### [Prompt]
Output the lines from the one holding "Mr. Ben: Read, Hogarths" to the end of the entries that follow, exactly and only those, minus any pictures.

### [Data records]
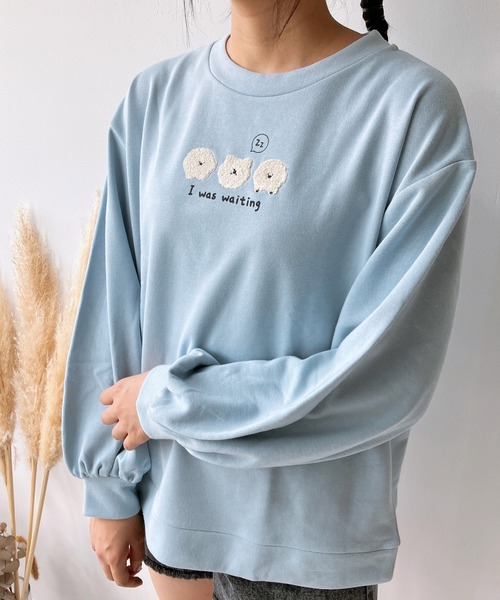 AS KNOW AS plus（アズノゥアズプラス）の「☆3匹ぽこアニマルプルオーバー（スウェット・レディース・アイボリー/スミクロ/ミント/ブルー/グレー系/アイボリー系/ブラック系/ブルー系/アイボリー系2/ブルー系2/ブラック系2/グレー系2/アイボリー系3/ダークグリーン系3/ブラック系3/ブルー系3/ベージュ系4/ブラック系4/アイボリー系4/ブルー系4・FREE）」の16枚目の写真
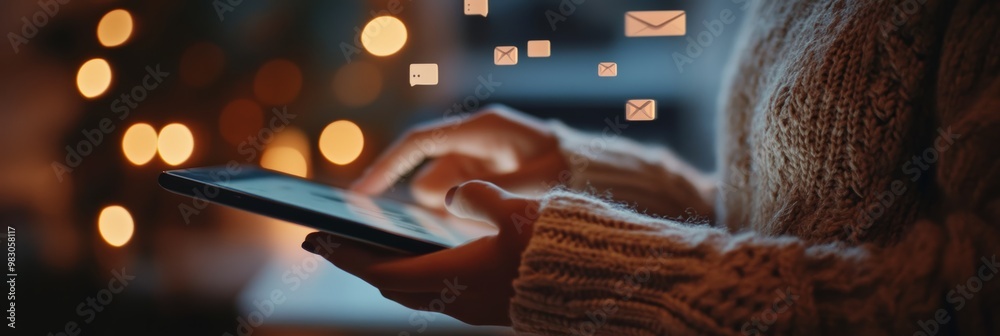 Poster Using a smartphone in a festive setting with social media interaction icons floating around. Staying connected and engaged online during the holiday season.
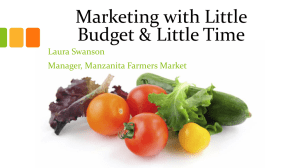 Marketing with Little Budget & Little Time Laura Swanson Manager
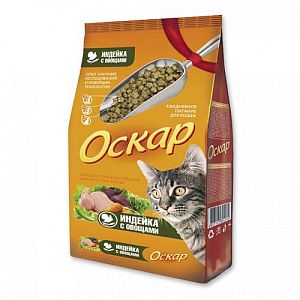 Корм ОСКАР с мясом индейки и овощами для кошек, 400 г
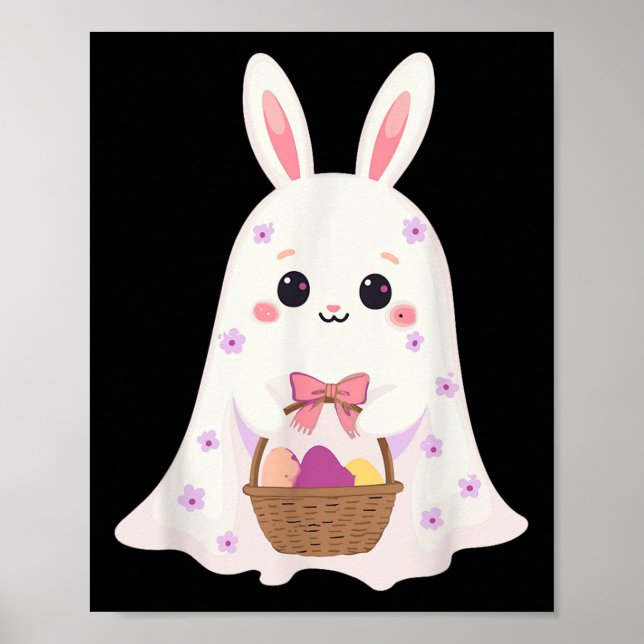 Cute Ghost Bunny Egg Basket Rabbit Easter Day Rabb Poster (Front)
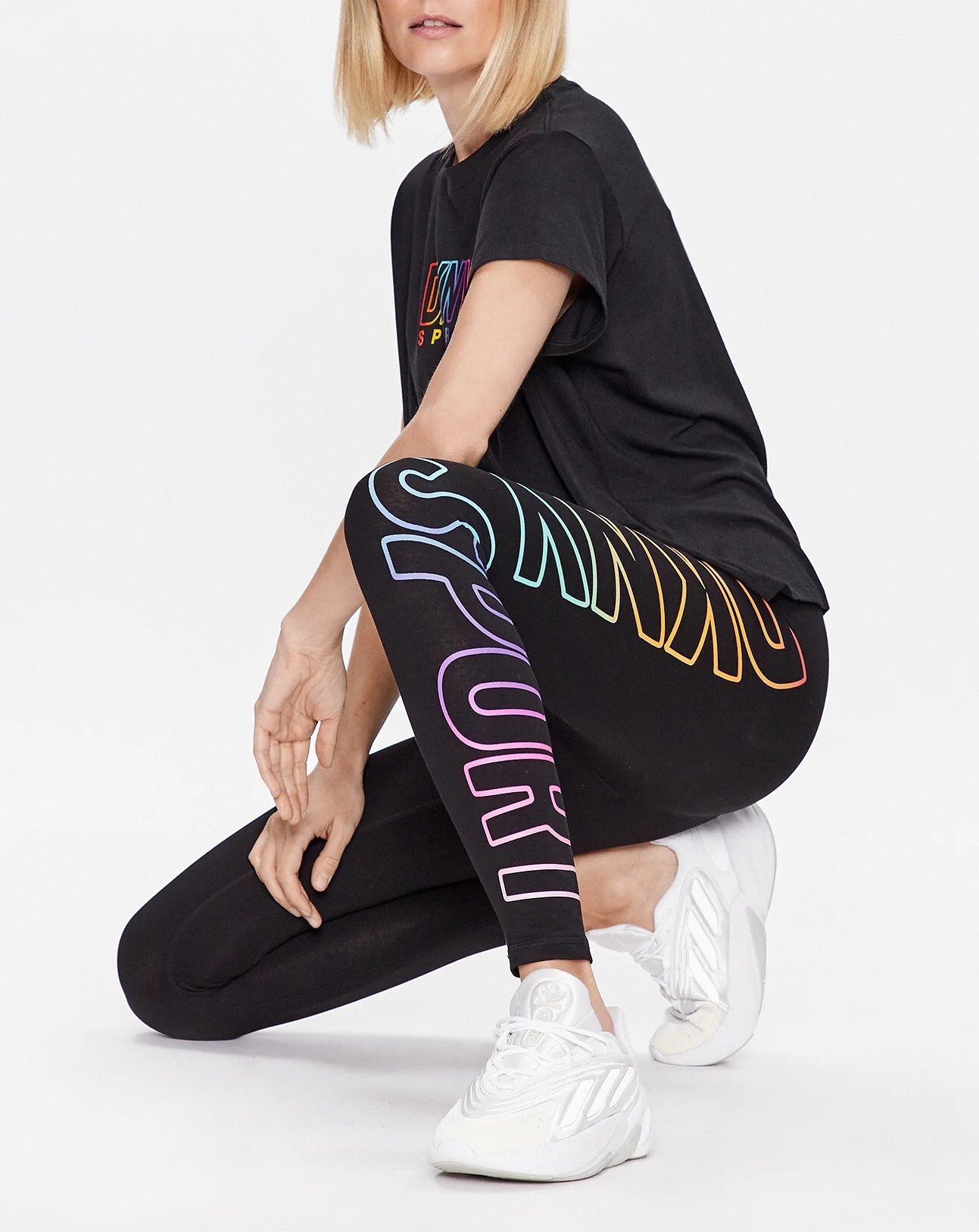 [S] DKNY COLOR LOGO PANTS,BLACK, DP3P2988-BLK FINAL SALE (SD480)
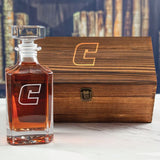 Custom Engraved Chattanooga Mocs University - Personalized Whiskey Decanter In Wood Gift Box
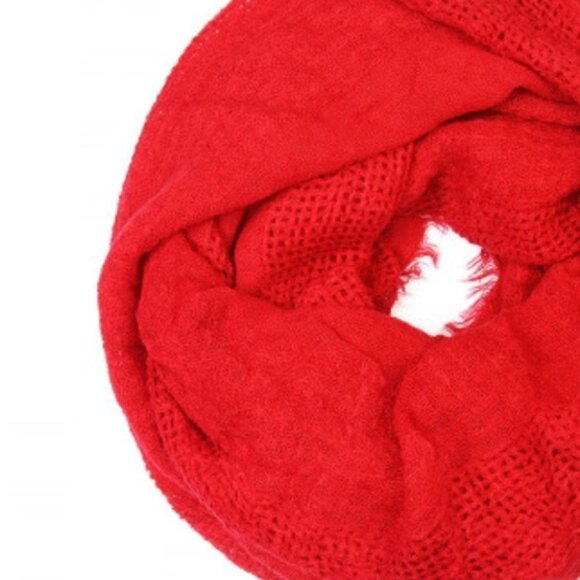 RED KNIT INFINITY SCARF - Picture 3 of 4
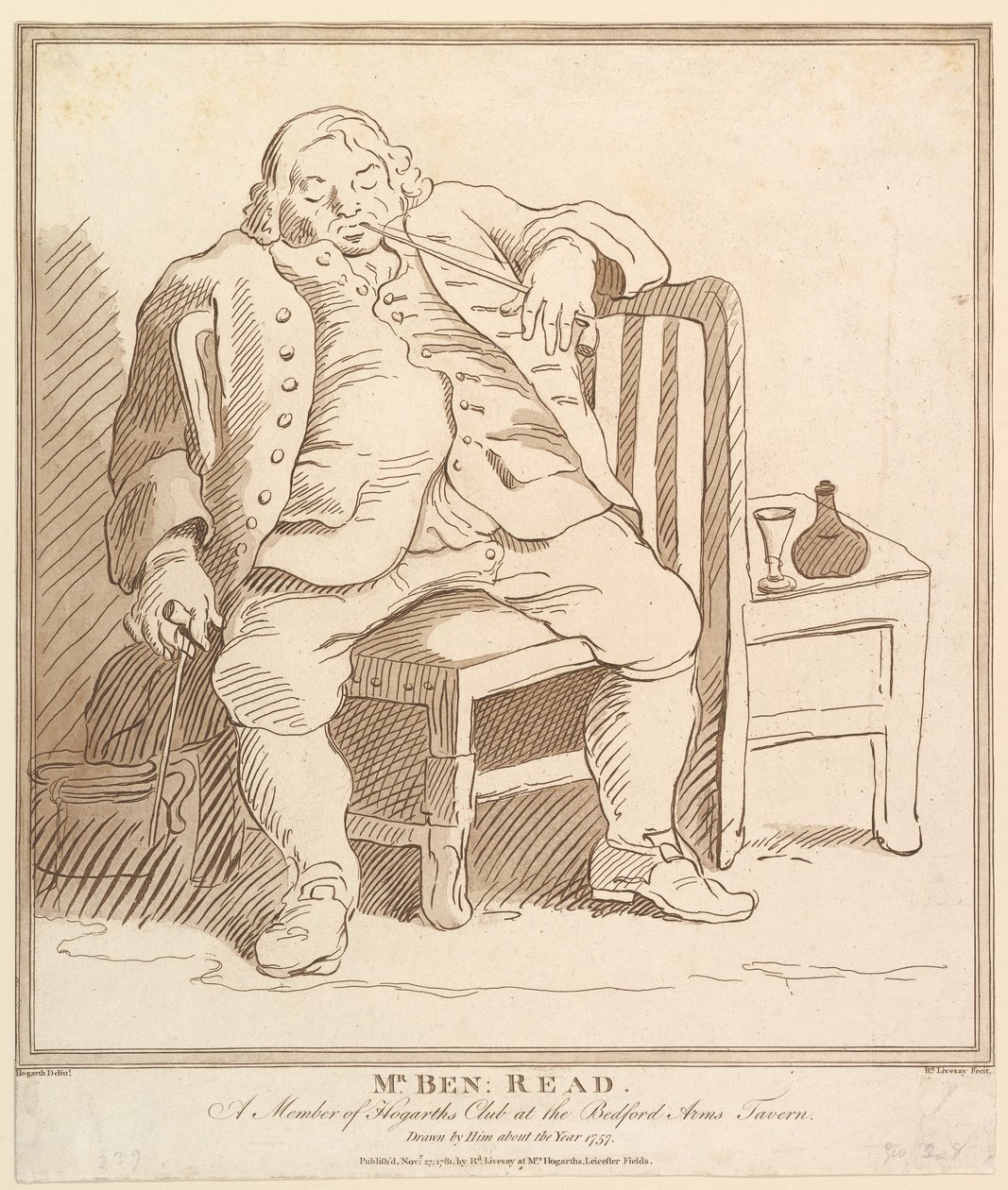 Mr. Ben: Read, Hogarths Clubin jäsen Bedford Arms Tavernissa, Drawn b..., 27. marraskuuta 1781. tekijältä Richard Livesay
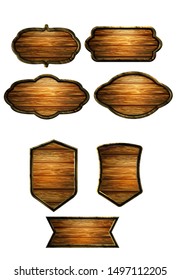 Vector realistic illustration of wooden signboard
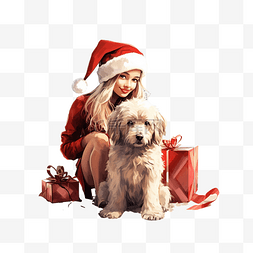 比基尼派对psd图片_女孩和她的宠物狗在海边度过圣诞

### [Answer to this task]
 Mr. Ben: Read, Hogarths Clubin jäsen Bedford Arms Tavernissa, Drawn b..., 27. marraskuuta 1781. tekijältä Richard Livesay
 Vector realistic illustration of wooden signboard
 比基尼派对psd图片_女孩和她的宠物狗在海边度过圣诞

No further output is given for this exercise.